Os recursos destinados à publicidade dão uma ideia de por que o empresário era tido como um bom parceiro da mídia. Em 2016, foram gastos R$ 55 milhões com eventos. Em 2017, R$ 80 milhões. Já com propaganda, foram R$ 130,9 milhões em 2016 e R$ 124,1 milhões no ano passado – lembrando que quase 40% deste total de 2017 teriam sido destinados apenas para a Infoglobo, de acordo com fontes do mercado publicitário. Os números oficiais detalhados por veículo ainda não foram divulgados.

Os altos gastos com publicidade já haviam sido questionados no ano passado por uma auditoria realizada pelo Senac nacional na entidade fluminense, conforme mostrou The Intercept Brasil. Ao menos na teoria, o Senac (Serviço Nacional de Aprendizagem Comercial) deveria ter como foco principal de suas ações a educação profissional. Já o Sesc (Serviço Social do Comércio), iniciativas voltadas principalmente para cultura, esporte e saúde.

As entidades do Rio movimentam cerca de R$ 1 bilhão por ano e são geridas pela direção da Fecomércio, que recebe pelo serviço. Os recursos do Sesc e do Senac são considerados públicos: um percentual fixo sobre a folha de pagamento das empresas é recolhido pela Receita Federal e repassado para as entidades.

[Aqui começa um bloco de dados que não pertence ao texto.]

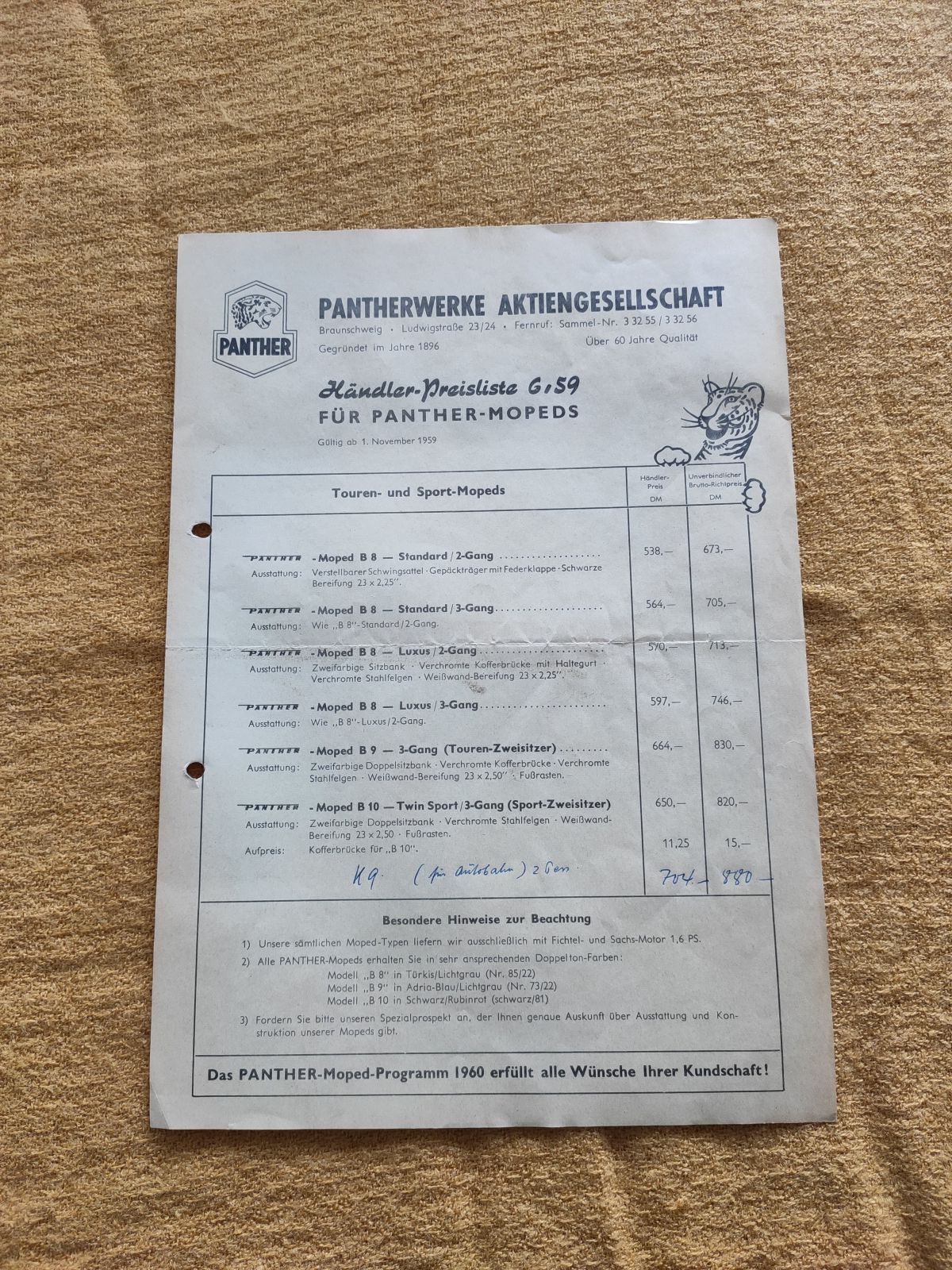 Pantherwerke - original Preisliste von 1959  B8 B9 B10 Moped Selten ! -- (31)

No Senac-RJ, também foram alvo da auditoria os gastos com palestras de jornalistas, colunistas e comentaristas do Grupo Globo. Em 2016, foram quase R$ 3 milhões. Merval Pereira, por exemplo, levou R$ 375 mil para falar sobre as perspectivas de transição entre os governos Dilma e Temer em uma série de eventos promovidos pela Fecomércio-RJ no interior do estado.

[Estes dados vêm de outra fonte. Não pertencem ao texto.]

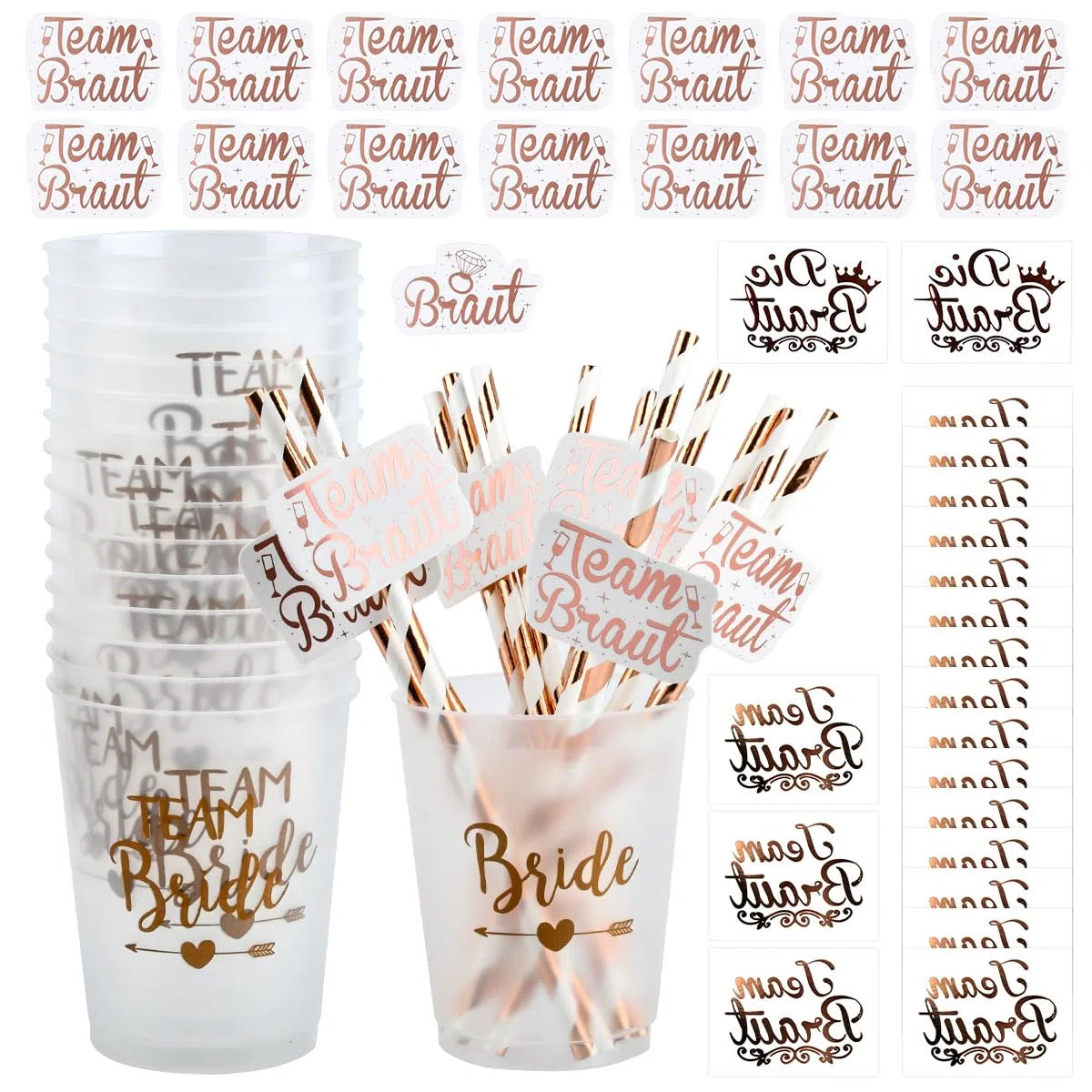 16 Set JGA Becher Braut Team Tassen,JGA Becher Bride Tribe Cups mit 16 Team Braut Strohhalme,20 JGA Bride to be Tattoo,Rose Gold Bridal Dusche Tassen,Bachelorette Party Cups für Verlobungsfeier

Além do processo na Justiça Federal a que responderá por corrupção, a gestão Orlando Diniz ainda é alvo de um procedimento em andamento no Tribunal de Contas da União desde 2016.

No TCU, estão sob investigação, por exemplo, os gastos com escritórios de advocacia, patrocínios, e com o projeto Segurança Presente, realizado em parceria com o poder público para o patrulhamento de alguns bairros cariocas.